EU’s Youth Employment Initiative Fails

Written by | Tuesday, July 1st, 2014

German Chancellor, Angela Merkel, confessed during the EU Council summit that the EU’s Youth Employment Initiative (YEI), which was launched last year, has been an absolute failure by now. In her own words, employment among the young is undoubtedly one of the main areas that the EU must work more on. In fact, job creation for the young is newly among the EU Commission’s key priorities for the next term together with migration, foreign policy, energy security, and the monetary union. In 2007 and 2013, youth joblessness was very high throughout Europe, soaring dramatically from 15.7 percent to 23.4 percent based on Eurostat’s data. At the moment, about 5.6 million young Europeans are without jobs. In the Southern economies like Greece or Spain, more than a half of the young are unemployed. In an attempt to halt the crisis, the governments of member states have launched the YEI at the cost of 6 billion euros. Member states had to submit their national plans at the beginning of this year, thus applying to receive money from the program.

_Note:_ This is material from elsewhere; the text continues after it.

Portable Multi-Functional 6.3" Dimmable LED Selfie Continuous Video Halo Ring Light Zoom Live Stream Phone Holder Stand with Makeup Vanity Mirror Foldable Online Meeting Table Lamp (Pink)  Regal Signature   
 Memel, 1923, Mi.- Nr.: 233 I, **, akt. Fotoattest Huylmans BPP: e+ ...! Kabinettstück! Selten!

Half a year after the submission of the plans, a single euro has not been spent on the YEI, Angela Merkel admitted. She thinks that the EU must be faster, more efficient, and spending money more sensibly. She emphasized that she was not pointing her finger at anyone, not blaming either member states or the Commission. Chancellor Merkel only pointed out that the “result is such that we need to change this”. The first country to have obtained the EU’s approval for its national YEI program is France. Paris is going to get 620 million euro for both the employment project and the European Social Fund. The money should be allocated to education and training of those young people who are unemployed, thus helping them to find jobs in those regions where youth unemployment is higher than 25 percent. Yet, although France’s plan was accepted, the Commission said that its own national reform measures were “insufficient”.